This post explores the language from that perspective: what code can be written, what are its semantics, and how it can help in achieving a productive (and yet efficient) development model. We assume familiarity with the River Definition Language (RDL), specifically its syntax and specification. Further information can be found here.

What does the Code Do?

As noted earlier, for the sake of readability, the code of an RDL specification (a “program”), is meant to be written and read as a specification, a declaration of how the application’s data is to be updated, or how certain values are calculated given a set of inputs, and a state of the application.

The immediate corollary for the developer reading and writing RDL, is that the code should not be interpreted as reading values from a persistent storage into memory, changing memory values and writing back to the persistency. Instead, the code should be read and written as a specification of how certain values are changed - how the application state is modified.

This declarative model shouldn’t be foreign for people using SQL queries, for example.

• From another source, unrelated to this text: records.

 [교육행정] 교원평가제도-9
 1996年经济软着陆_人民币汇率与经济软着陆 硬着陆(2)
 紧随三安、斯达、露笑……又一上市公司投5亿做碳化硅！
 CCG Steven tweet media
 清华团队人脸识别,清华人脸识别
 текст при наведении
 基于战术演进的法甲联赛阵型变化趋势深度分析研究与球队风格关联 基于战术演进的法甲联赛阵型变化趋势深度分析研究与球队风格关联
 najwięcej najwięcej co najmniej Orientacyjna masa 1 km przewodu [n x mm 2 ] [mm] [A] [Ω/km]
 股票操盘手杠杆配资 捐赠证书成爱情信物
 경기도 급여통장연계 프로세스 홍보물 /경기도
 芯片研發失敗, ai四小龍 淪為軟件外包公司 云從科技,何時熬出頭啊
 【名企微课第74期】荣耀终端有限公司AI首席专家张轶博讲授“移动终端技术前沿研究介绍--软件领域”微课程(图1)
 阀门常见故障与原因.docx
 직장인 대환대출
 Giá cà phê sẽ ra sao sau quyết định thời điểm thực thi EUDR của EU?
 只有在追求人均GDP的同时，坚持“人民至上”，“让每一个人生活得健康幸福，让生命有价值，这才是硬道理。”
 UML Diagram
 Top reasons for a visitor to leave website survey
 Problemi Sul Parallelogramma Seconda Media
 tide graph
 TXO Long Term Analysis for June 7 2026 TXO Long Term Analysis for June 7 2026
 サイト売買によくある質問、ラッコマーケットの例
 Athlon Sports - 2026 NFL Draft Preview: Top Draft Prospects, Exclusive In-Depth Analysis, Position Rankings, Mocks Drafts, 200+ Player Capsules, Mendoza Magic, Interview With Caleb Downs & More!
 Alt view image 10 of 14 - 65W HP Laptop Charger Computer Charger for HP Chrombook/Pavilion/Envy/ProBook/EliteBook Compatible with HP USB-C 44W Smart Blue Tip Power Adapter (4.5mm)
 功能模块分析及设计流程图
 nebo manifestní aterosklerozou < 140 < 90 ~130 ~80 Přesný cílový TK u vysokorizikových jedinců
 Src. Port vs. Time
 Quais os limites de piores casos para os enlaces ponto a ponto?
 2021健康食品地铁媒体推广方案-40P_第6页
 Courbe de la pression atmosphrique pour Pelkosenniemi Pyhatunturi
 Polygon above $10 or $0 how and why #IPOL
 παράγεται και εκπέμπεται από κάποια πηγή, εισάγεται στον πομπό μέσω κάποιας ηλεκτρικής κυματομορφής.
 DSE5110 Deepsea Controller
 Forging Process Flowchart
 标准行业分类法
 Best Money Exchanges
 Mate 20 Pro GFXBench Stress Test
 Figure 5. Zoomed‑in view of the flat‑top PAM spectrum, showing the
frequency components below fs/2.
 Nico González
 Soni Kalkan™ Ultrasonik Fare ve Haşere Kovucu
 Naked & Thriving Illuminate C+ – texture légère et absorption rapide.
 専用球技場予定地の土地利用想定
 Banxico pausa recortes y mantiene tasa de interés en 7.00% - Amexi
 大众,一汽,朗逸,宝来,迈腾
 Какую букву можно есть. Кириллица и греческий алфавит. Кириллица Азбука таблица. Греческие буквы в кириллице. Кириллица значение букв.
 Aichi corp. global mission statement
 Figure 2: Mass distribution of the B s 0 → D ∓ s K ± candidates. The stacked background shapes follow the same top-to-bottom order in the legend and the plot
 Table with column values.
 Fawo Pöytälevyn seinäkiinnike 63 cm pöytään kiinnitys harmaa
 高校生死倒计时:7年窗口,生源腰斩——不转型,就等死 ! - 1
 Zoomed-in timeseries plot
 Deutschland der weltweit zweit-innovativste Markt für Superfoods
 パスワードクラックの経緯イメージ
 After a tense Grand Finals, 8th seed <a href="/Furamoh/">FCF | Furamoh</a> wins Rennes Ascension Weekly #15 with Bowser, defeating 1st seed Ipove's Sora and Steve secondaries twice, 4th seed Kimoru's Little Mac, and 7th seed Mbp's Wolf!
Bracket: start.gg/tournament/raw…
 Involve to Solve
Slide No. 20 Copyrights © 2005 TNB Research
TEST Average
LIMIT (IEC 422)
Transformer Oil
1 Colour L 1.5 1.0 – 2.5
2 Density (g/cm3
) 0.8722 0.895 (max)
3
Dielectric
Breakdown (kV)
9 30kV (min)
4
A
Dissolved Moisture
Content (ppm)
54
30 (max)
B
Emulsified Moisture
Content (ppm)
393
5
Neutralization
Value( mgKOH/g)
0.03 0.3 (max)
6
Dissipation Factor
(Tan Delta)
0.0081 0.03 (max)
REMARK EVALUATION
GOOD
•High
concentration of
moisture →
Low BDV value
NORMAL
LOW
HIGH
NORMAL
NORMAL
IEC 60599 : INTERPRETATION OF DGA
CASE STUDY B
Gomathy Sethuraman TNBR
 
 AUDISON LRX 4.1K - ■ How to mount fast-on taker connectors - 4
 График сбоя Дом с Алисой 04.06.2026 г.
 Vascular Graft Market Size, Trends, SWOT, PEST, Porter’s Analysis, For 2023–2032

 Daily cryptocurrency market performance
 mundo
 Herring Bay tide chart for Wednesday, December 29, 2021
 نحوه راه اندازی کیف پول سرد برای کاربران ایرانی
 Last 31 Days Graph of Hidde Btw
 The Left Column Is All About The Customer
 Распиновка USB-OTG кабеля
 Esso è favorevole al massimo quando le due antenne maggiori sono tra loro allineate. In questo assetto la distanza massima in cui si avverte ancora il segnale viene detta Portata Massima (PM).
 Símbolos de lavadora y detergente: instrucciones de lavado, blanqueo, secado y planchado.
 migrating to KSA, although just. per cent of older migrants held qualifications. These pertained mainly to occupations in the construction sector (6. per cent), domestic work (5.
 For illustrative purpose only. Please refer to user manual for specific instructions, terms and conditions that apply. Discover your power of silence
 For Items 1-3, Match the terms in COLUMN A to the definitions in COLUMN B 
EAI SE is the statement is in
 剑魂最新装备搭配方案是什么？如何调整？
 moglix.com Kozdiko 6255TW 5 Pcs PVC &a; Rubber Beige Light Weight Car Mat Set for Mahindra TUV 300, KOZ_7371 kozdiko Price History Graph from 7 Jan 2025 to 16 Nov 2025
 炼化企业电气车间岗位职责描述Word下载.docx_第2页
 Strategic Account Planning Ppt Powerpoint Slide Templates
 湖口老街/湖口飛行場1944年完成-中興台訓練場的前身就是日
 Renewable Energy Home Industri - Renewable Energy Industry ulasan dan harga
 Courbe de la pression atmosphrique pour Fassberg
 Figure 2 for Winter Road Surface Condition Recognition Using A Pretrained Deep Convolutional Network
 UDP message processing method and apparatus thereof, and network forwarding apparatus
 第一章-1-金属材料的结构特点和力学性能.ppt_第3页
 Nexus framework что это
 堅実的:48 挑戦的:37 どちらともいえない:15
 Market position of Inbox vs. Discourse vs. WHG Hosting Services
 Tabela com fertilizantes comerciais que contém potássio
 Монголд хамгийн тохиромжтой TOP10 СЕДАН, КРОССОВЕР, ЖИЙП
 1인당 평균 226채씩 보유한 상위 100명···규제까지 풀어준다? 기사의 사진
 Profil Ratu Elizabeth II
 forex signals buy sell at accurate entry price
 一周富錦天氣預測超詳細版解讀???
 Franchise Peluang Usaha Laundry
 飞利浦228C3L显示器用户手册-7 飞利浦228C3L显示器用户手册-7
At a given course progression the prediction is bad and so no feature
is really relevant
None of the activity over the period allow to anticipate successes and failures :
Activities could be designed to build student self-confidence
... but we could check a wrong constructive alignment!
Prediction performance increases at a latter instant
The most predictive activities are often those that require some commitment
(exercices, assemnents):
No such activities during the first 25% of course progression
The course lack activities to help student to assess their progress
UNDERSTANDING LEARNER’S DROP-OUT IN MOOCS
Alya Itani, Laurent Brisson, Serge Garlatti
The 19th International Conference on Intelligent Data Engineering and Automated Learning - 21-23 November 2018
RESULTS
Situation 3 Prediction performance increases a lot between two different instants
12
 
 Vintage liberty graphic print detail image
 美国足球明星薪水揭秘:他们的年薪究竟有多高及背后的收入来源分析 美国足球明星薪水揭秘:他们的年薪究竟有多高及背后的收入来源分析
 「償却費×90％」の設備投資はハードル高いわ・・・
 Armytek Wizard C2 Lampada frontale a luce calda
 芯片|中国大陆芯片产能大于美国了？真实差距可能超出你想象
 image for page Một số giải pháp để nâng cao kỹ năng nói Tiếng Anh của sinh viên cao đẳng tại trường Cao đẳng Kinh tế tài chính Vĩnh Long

When writing a SQL query, the developer has a certain mental image of the data structure (the tables), and their relationships. The developer then writes down what kind of data he needs to be read, filter, etc. The query itself is declarative in the sense that it does not specify how exactly the data is read, in what order, using what indices. It doesn’t specify whether the data is first projected and then filtered, or the other way around. It is the job of the DBMS and its underlying SQL engine to come up with that plan. In that sense, a SQL query is a mini-program on its own. Note that I did not mention data manipulation, only queries[1].

With RDL, the exercise is very similar. Only here, we apply it to data manipulation, not just queries. This of course makes it harder to reason about, but it has the potential to enable more concise and clear code that distills the application’s idea and not its realization in a given system.

This way of looking and writing code isn’t new. Functional programming languages have been doing something similar for quite a while. In functional languages, one focuses its mental energy on defining the functions - manipulations to the data (and occasionally counting brackets :wink: ), and the code reflects only that. A developer using a functional-paradigm language usually doesn’t so much care about memory assignments, counting loop variables, and relevant memory model. In that sense, a SQL query is a functional language. One does not maintain the loop variable going over the read table - there’s simply no need for it.

The downside (at least one of them) is that sometimes, describing complex application logic using just functions isn’t very intuitive for a developer.

The merits and criticism of functional programming are beyond the scope of this post; suffice it to say that the notion of focusing on intent by describing how data is changed given a certain input is close enough to what we’re trying to achieve with RDL. This spirit also lends itself quite nicely to behind-the-scenes optimization, specifically parallelizing code, so it aligns rather well with the goals we have set for RDL.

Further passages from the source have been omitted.